_To do_
Nothing but an exact repeat of the data, with pictures removed, belongs in the answer.

_Records to process_
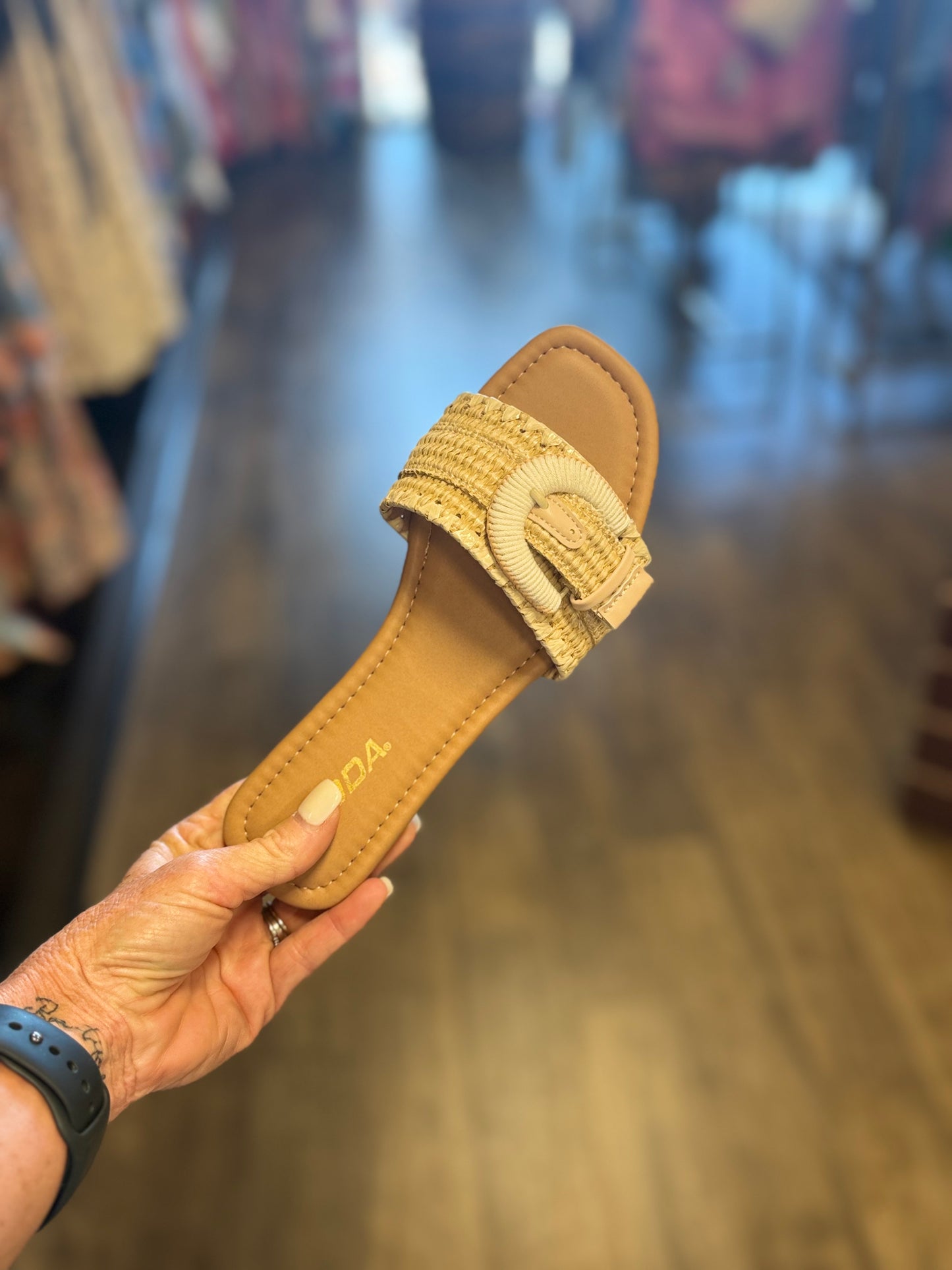 SARAH SANDAL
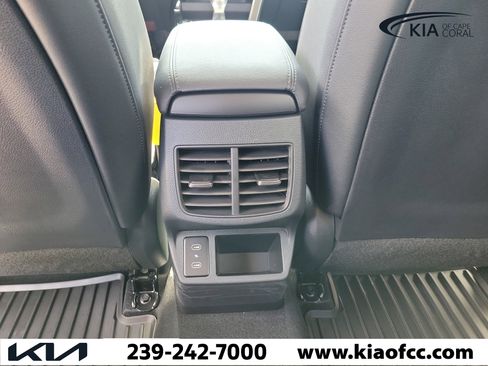 New 2026 Kia Seltos S FWD image 12
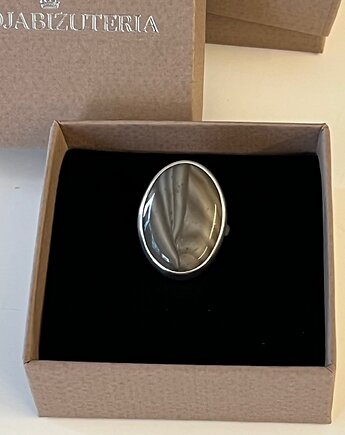 Pierścionek z krzemieniem pasiastym  - ręcznie wykonany, Ade Art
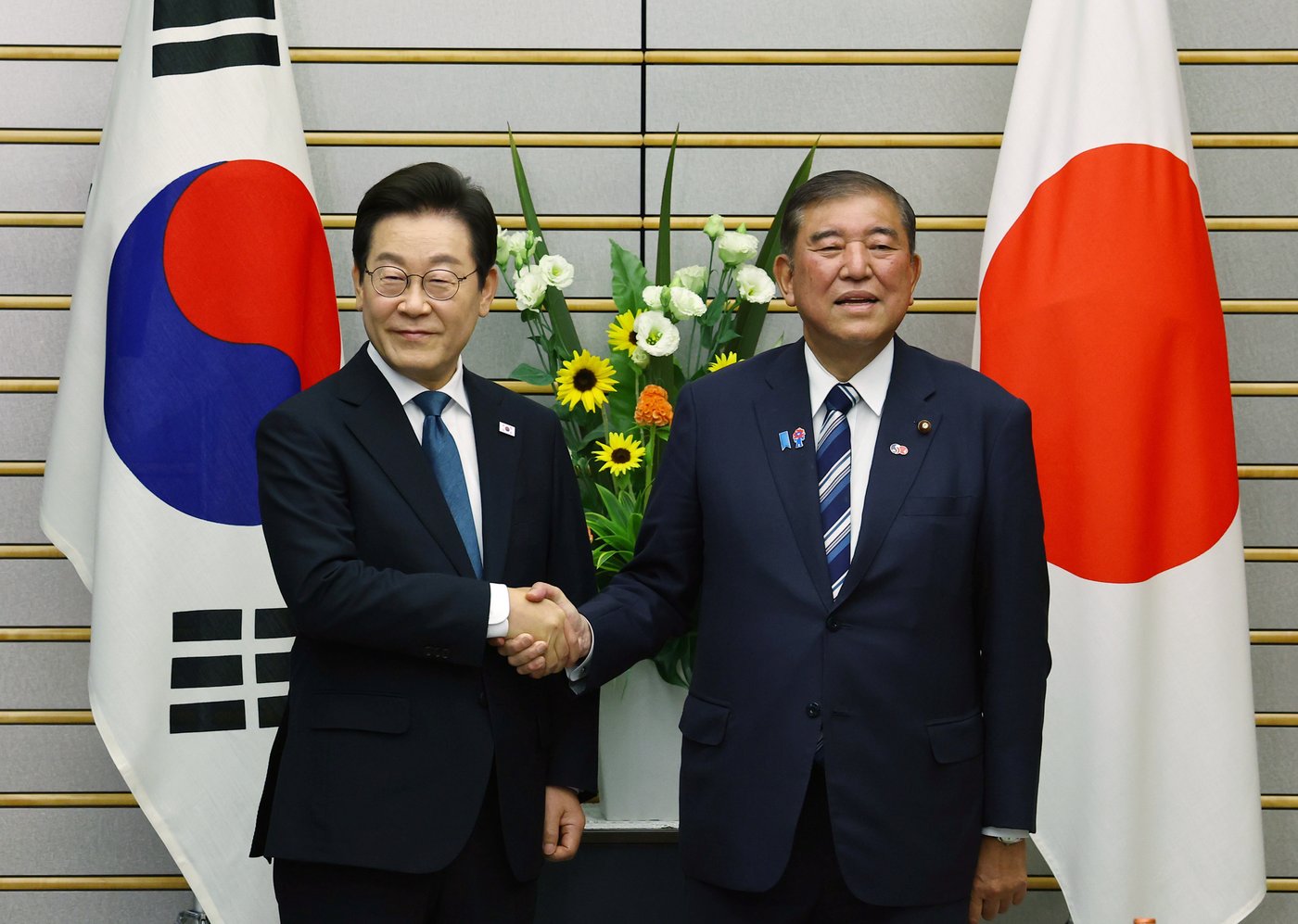South Korea's president highlights friendly ties in Japan before key summit with Trump | iNFOnews.ca South Korea's president highlights friendly ties in Japan before key summit with Trump | iNFOnews.ca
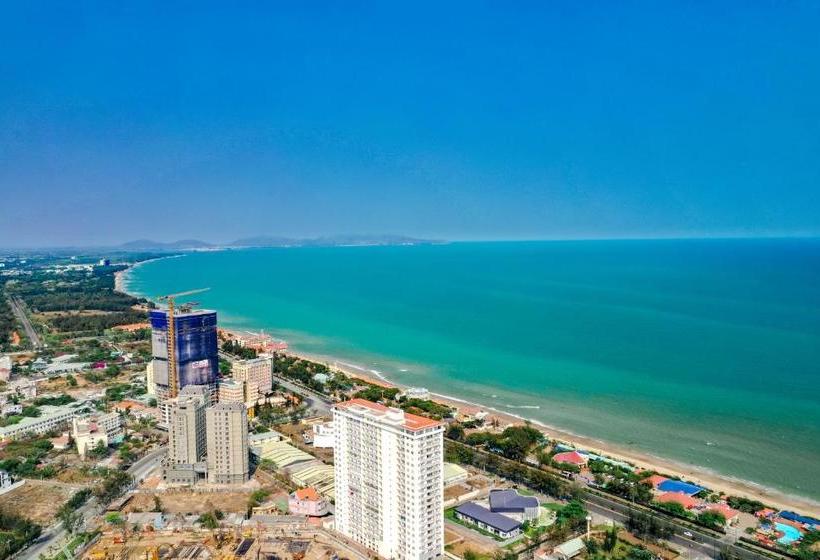 هتل Sun And Sea Leisure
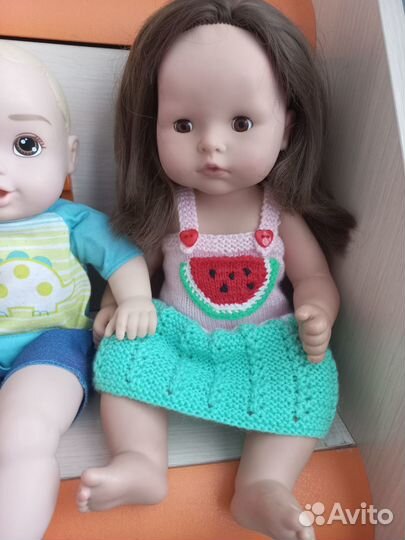 Разные винтажные,фарфоровые и игровые куклы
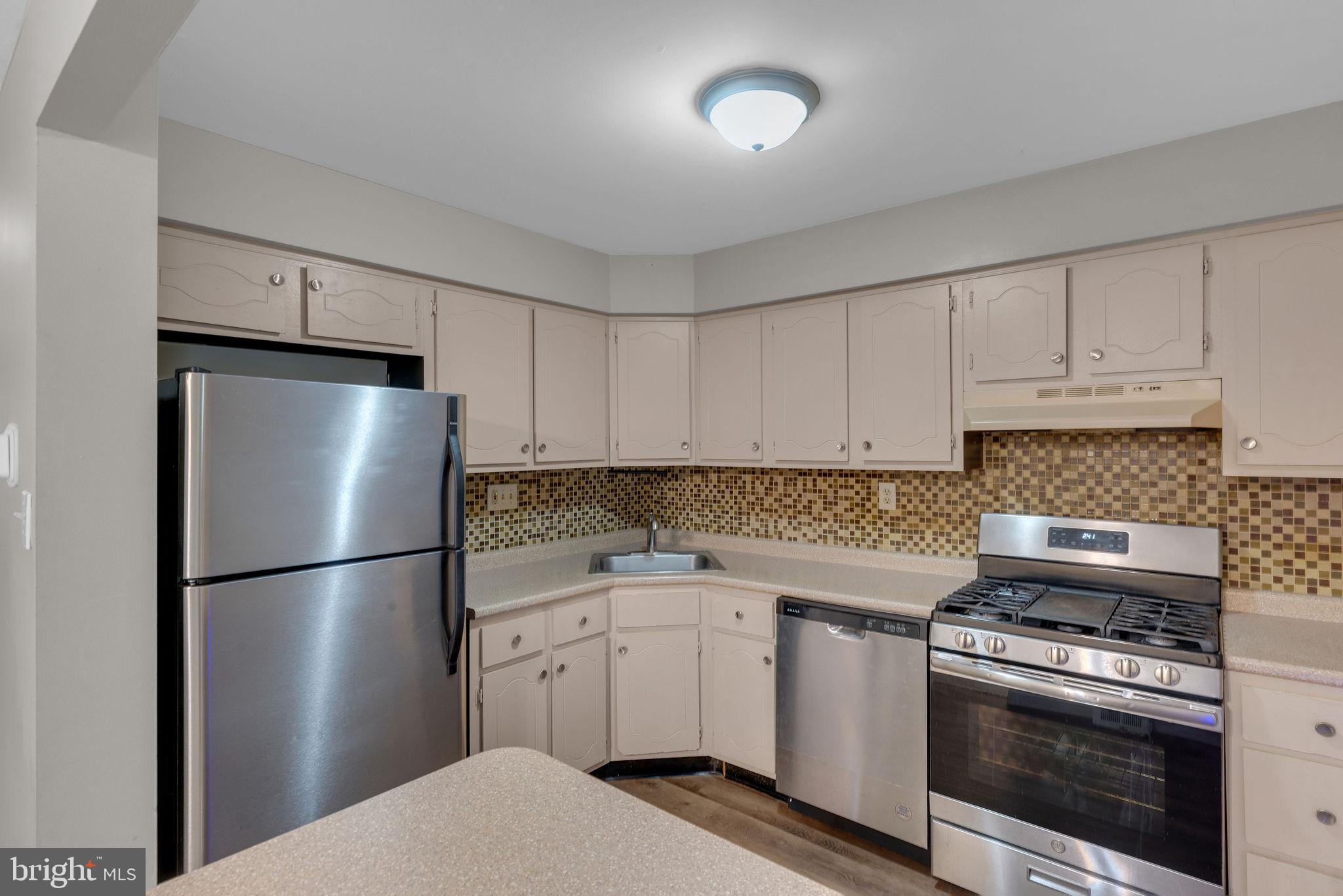 12090 Abby Road Philadelphia, PA 19154 - Photo 2 of 21 Gallery Image 2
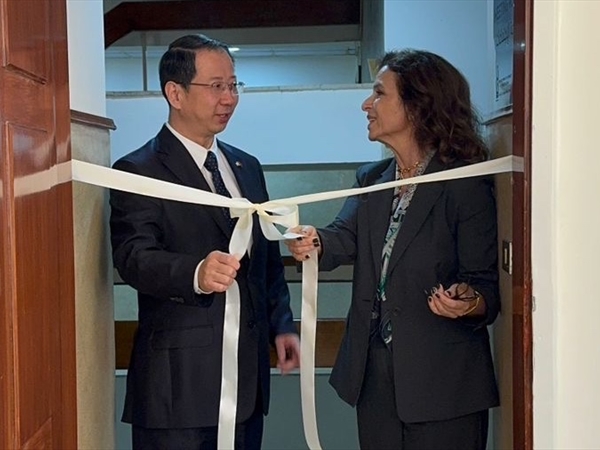 وزيرة السياحة افتتحت قاعة الاجتماعات في مبنى الوزارة وثمَّنت دور [...]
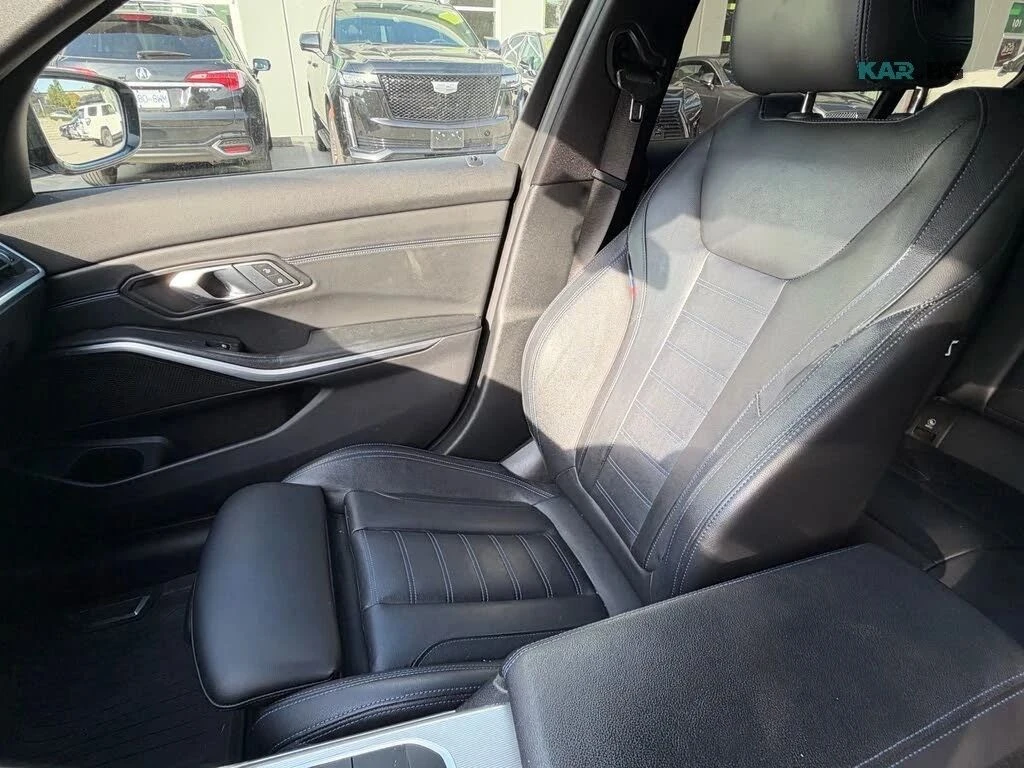 BMW 330, снимка 13 - Автомобили и джипове - 56685920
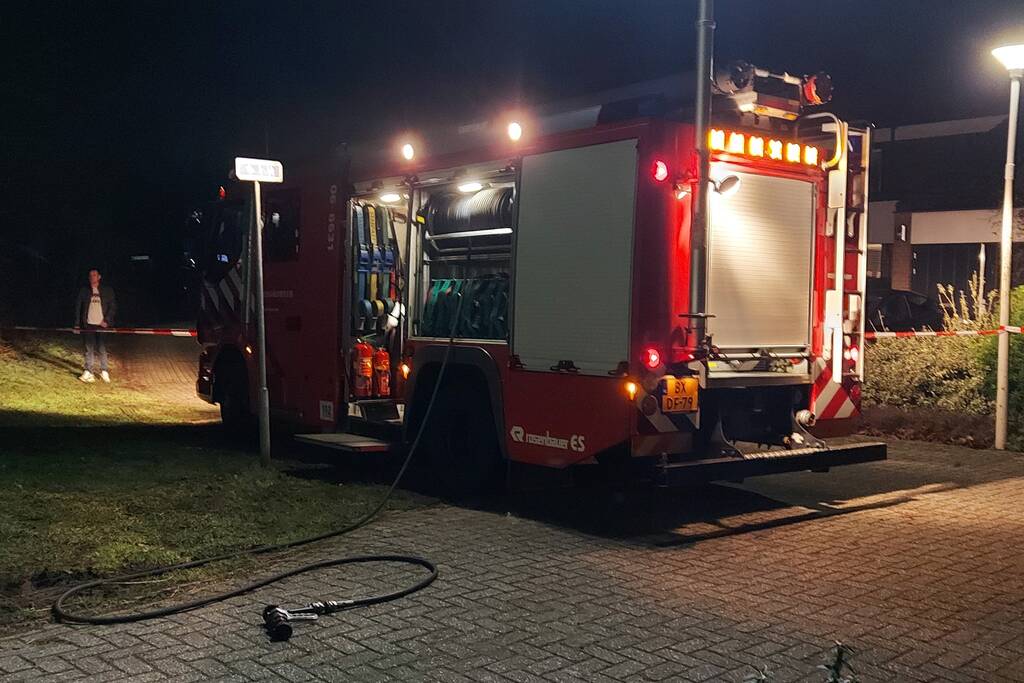 Brandweer verricht metingen na gaslucht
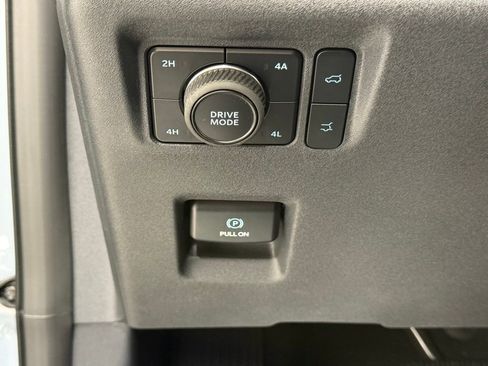 New 2025 Ford Expedition Platinum w/ Platinum Ultimate Package image 38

_Written solution_
 SARAH SANDAL
 New 2026 Kia Seltos S FWD image 12
 Pierścionek z krzemieniem pasiastym  - ręcznie wykonany, Ade Art
South Korea's president highlights friendly ties in Japan before key summit with Trump | iNFOnews.ca South Korea's president highlights friendly ties in Japan before key summit with Trump | iNFOnews.ca
 هتل Sun And Sea Leisure
 Разные винтажные,фарфоровые и игровые куклы
 12090 Abby Road Philadelphia, PA 19154 - Photo 2 of 21 Gallery Image 2
 وزيرة السياحة افتتحت قاعة الاجتماعات في مبنى الوزارة وثمَّنت دور [...]
 BMW 330, снимка 13 - Автомобили и джипове - 56685920
 Brandweer verricht metingen na gaslucht
 New 2025 Ford Expedition Platinum w/ Platinum Ultimate Package image 38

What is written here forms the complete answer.